Ask HN: Potential internship recruiter asked for my transcript - _RPM

What do I do?
======
dalke
Give it them a copy if you want? Talk to your campus organization which has
experience with sort of thing if you want actual helpful feedback, instead of
random comments from people like me? For example, from
[http://www.vpul.upenn.edu/careerservices/recruiting/pennlink...](http://www.vpul.upenn.edu/careerservices/recruiting/pennlink_faqs.php)
:

> How do I know if an employer wants a cover letter or a transcript?

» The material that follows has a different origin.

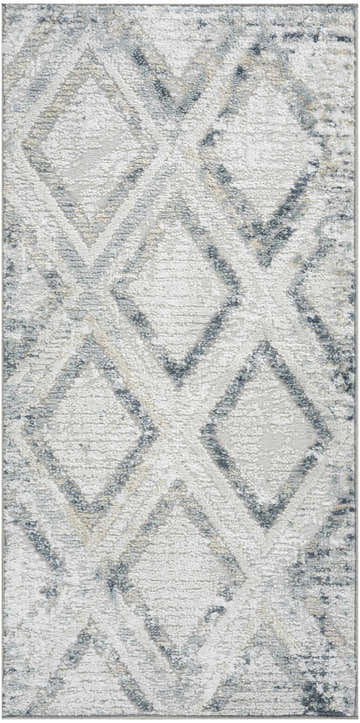 Close-up of the Nourison Dekor Grey Navy rug, showcasing its diamond pattern, high pile texture, and modern design.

> A resume will always be required, and sometimes employers will also require
> other documents such as cover letters and unofficial transcripts. You must
> submit all the required documents when you apply. (You will know that a
> document is required because there will be a red asterisk next to the box.
> If not required, there will be no asterisk.) If employers simply "request"
> additional documents, you may choose to submit the additional materials if
> you wish. Some employers will only accept resumes and do not want to receive
> additional materials, in which case you will not be able to submit them.
> Read this section carefully, as occasionally employers will provide
> additional application information in the space.

Your history shows an average of 1 link/AskHN posting every 5 days for the
last year. The questions are very broad, and would take too much effort to
provide a good response. The lack of any comments to them over the year might
be meaningful. It would likely be better to find a local group of
Linux/GNU/Mobile/whatever developers, attend meetings, and ask questions face-
to-face. Socialization may also help what appears to be, in reviewing your
general comments, a mild case of ego centrism.

You should revisit the responses to your comment at
[https://news.ycombinator.com/item?id=8661103](https://news.ycombinator.com/item?id=8661103)
on friends.